Indisputably, horse racing is Kentucky’s signature industry. It creates billions of dollars in revenue and employs over 100,000 people. However, competition from surrounding states is threatening to rob Kentucky of this trademark.
Whether you like it or not, casino gambling is a fact of life all around Kentucky’s borders. Race tracks in virtually every other state have added casino gambling in the form of slot machines to their tracks. This results in more revenue for the track, higher purses, better horses, more tourists, more jobs, and an overall enhanced economy.

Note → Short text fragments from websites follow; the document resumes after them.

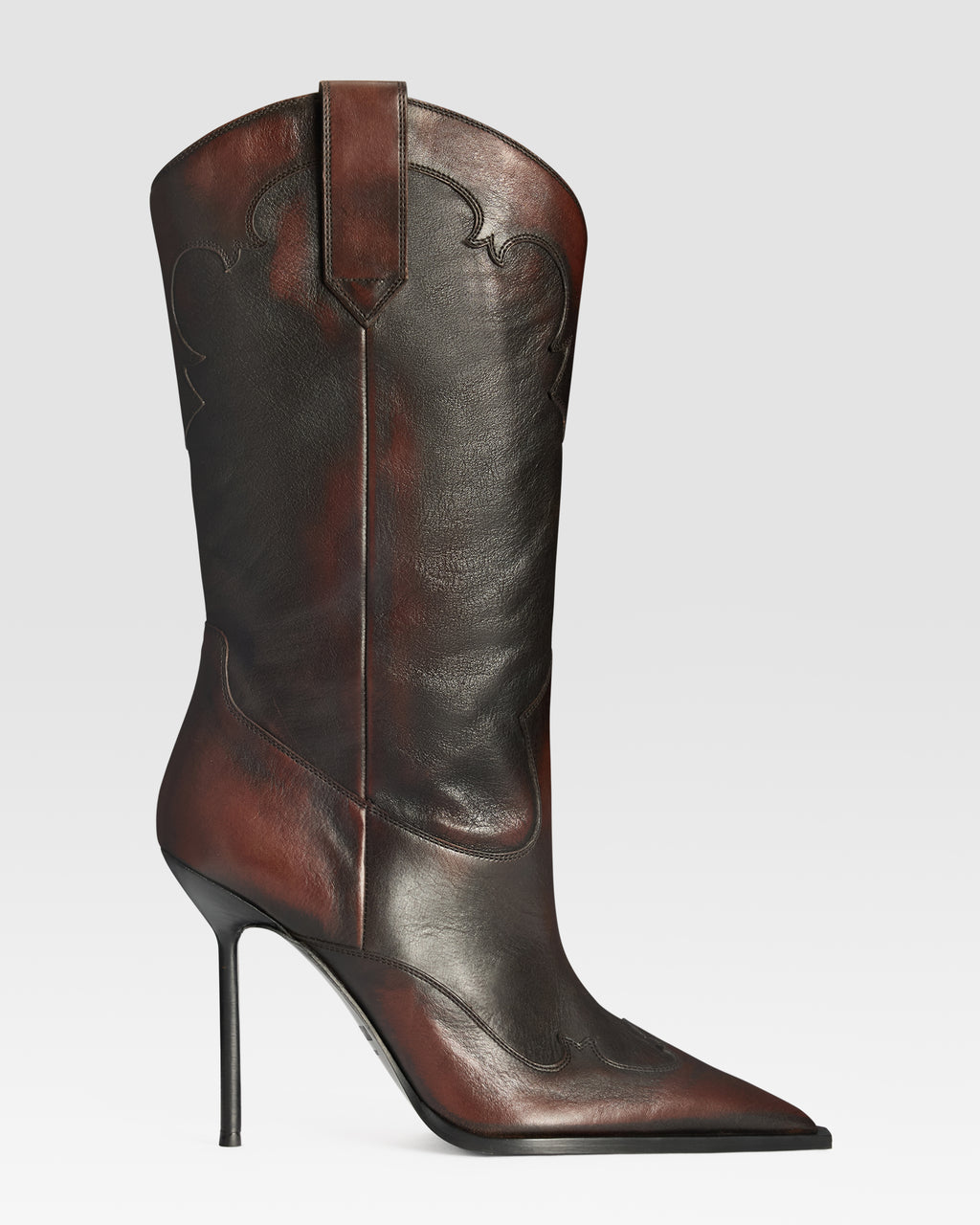 BOTTE EN CUIR BROSSE EFFET VINTAGE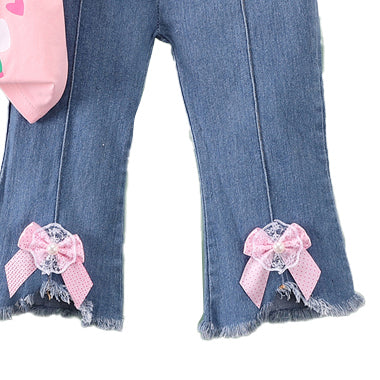 Pink Girls Printed T-shirt with Trousers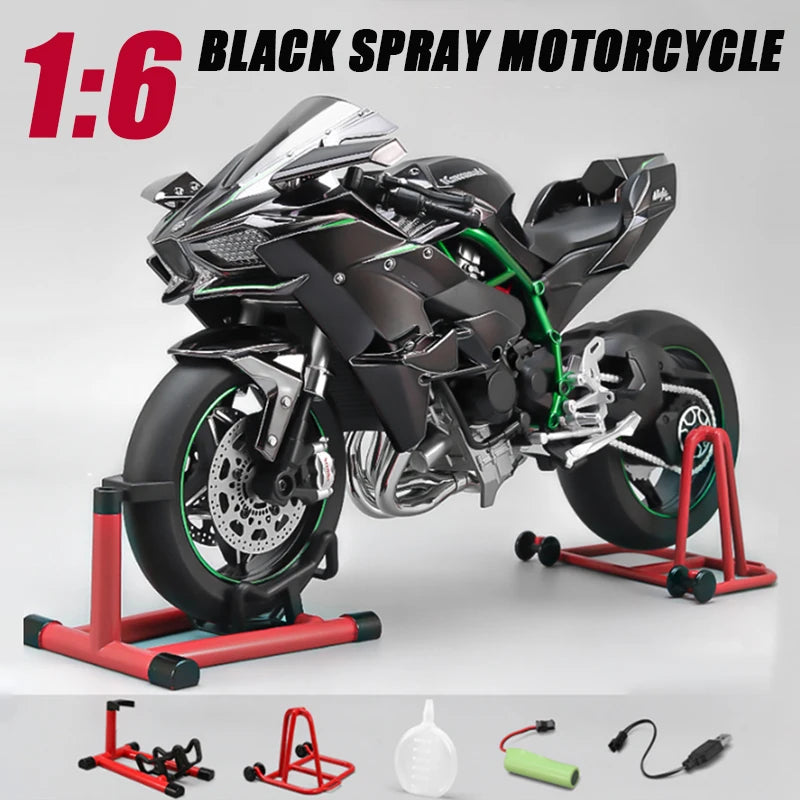 Spray 1:6 Kavvasaki Racing Ninja 500 H2R Motorcycle Simulation Sound Light   Fast And Furious Kid Gift Collection  value Display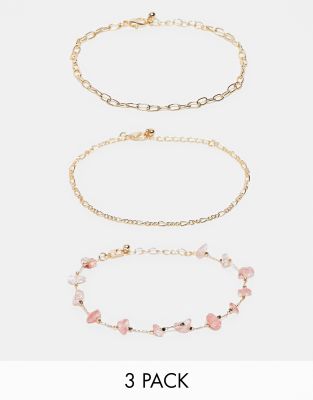 ASOS DESIGN - Confezione da 3 cavigliere color oro con pietre semipreziose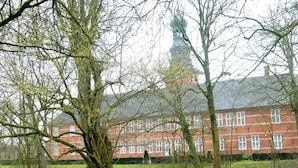 Een groot gebouw met veel ramen en een opvallende toren, omgeven door bomen en een veld paarse bloemen.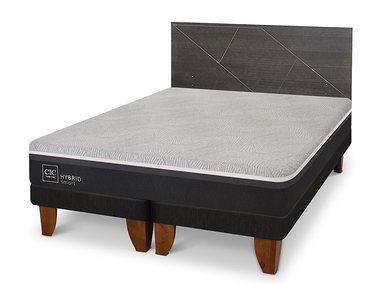 JUEGO DE DORMITORIO CIC CAMA EUROPEA VILLARRICA HYBRID INFINITY 2 PLAZAS + RESPALDO GRIS - 2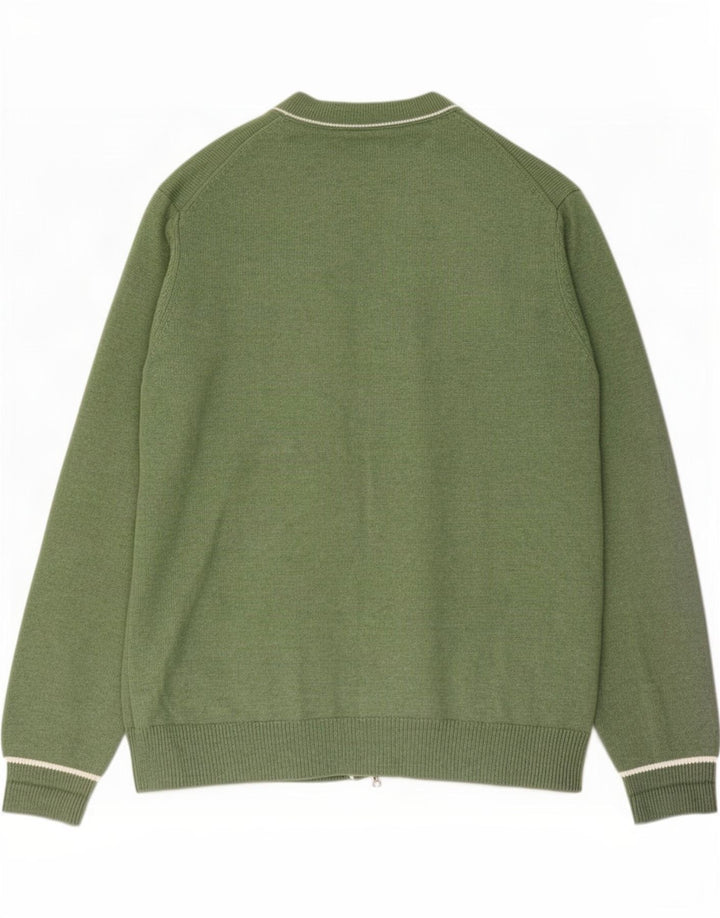 Marks & Spencer Suéter tipo cárdigan para hombre 2XL Poliéster verde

It’s a fact that people follow money.
Every dollar that gets dropped into a racetrack slot machine serves several purposes. According to a USA Today article, about one-fourth goes to the racetrack itself, another fourth goes to operating costs and the occasional payoff for lucky players, another fourth goes to the state in the form of taxes, and the last fourth is added to the purses offered to the jockeys and horse owners. This means that the world’s greatest horse owners, who once raced at Churchill Downs or Keenland, will now race their top notch horses in, say, Delaware or West Virginia, where they can receive higher purses for themselves and their jockeys. Who could blame them?

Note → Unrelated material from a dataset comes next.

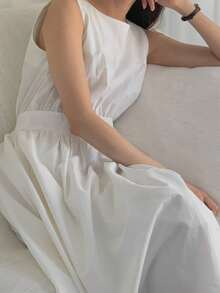 Vestido línea A unicolor con bolsillo oblicuo - Blanco - Ver 5
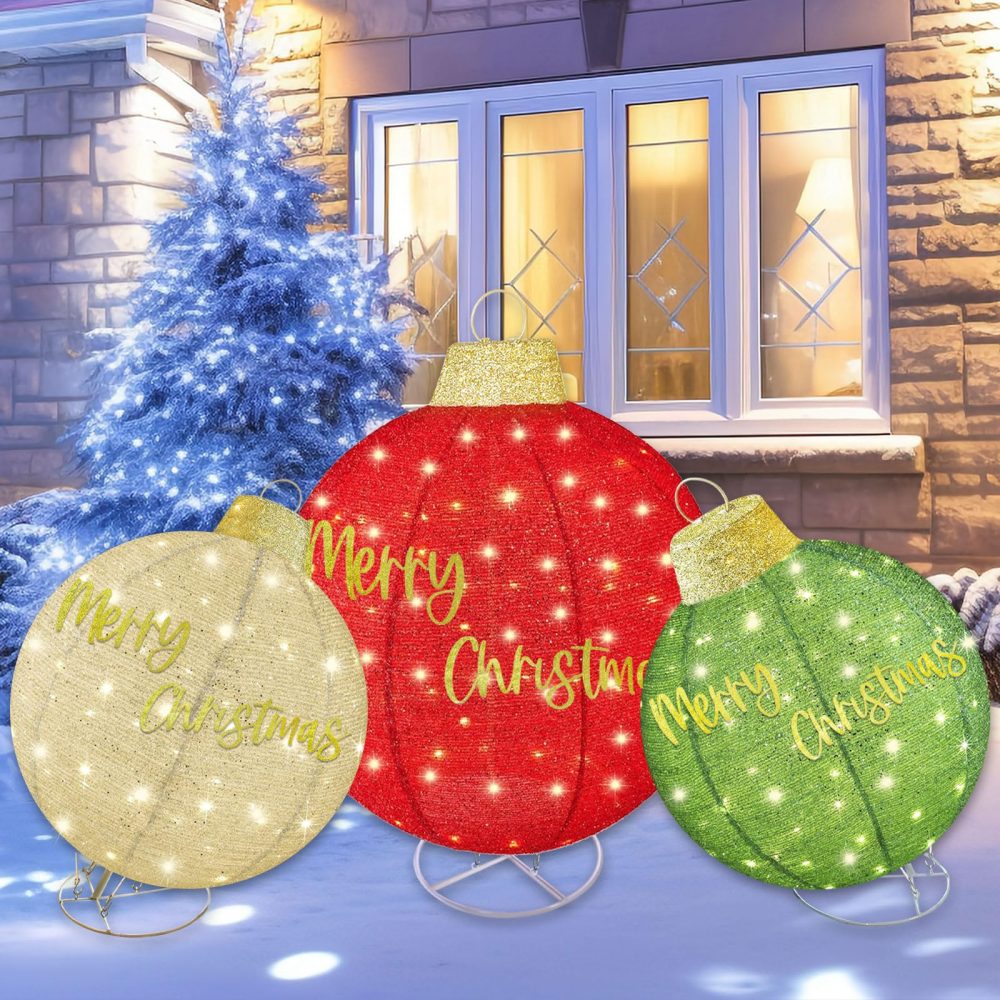 HOYECHI 3pc Lighted Pop-Up Outdoor Christmas Ornament Set – Holiday Ball Decorations with 290 LED Lights, 8 Lighting Modes, for Yard & Outdoor Christmas Decor - Red/Green/Gold - Image 2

In addition to losing our first-class horses, if Kentucky does not step up to the plate, we will also lose our best workers. Immigrants make up an immense proportion of the people employed by the horse industry. As the legal immigrants move to work for the more prosperous race tracks, Kentucky tracks will hire illegal immigrants, resulting in additional negative effects on the economy.
Kentucky is still number one in horse racing, but there can be little doubt that, over time, this competition from other states will have an adverse impact on Kentucky horse racing and the horse industry in Kentucky, unless Kentucky is allowed to freely compete.
People must look beyond emotional arguments and look at the facts. The market does not care about whether you like gambling or not, it cares about the bottom line.
If we want Kentucky to retain its status as home to the best horses in the world, then we must allow Kentucky to compete in the free market without restrictions and no longer deny Kentucky’s horse tracks the right to casino gambling.